■ SUPPLIED INFORMATION ■
····················

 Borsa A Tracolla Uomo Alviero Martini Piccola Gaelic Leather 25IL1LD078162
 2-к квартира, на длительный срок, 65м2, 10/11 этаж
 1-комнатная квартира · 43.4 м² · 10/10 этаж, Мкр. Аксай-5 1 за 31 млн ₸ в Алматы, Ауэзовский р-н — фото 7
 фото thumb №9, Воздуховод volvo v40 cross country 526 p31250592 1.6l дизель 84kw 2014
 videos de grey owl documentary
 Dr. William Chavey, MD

····················

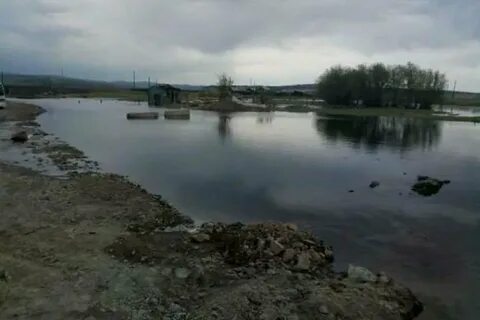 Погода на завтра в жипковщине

····················

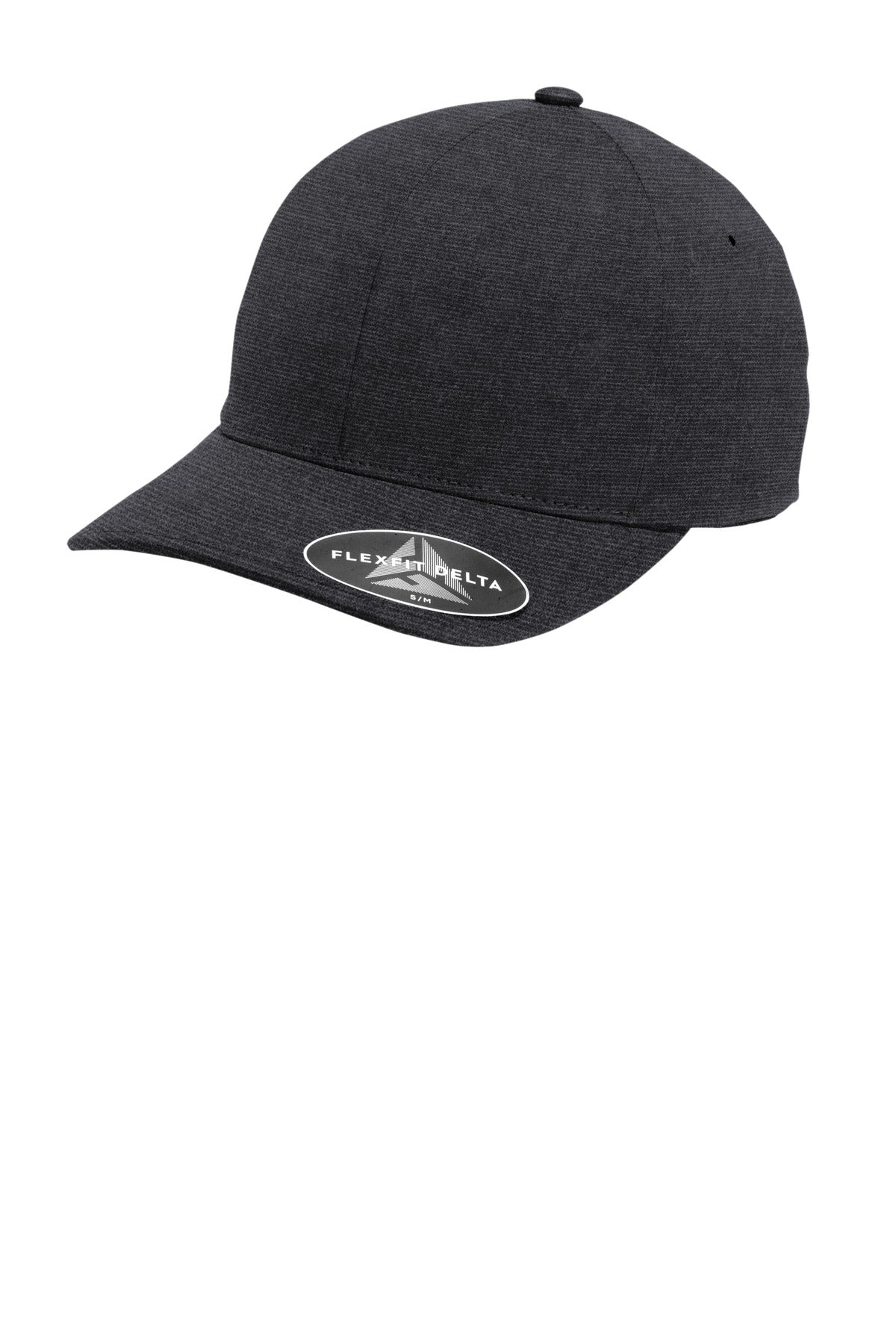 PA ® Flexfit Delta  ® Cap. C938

····················

■ EXERCISE DIRECTIONS ■
Make a copy of each line in the records that has the word "квартира".

■ WORKED SOLUTION ■
 2-к квартира, на длительный срок, 65м2, 10/11 этаж
 1-комнатная квартира · 43.4 м² · 10/10 этаж, Мкр. Аксай-5 1 за 31 млн ₸ в Алматы, Ауэзовский р-н — фото 7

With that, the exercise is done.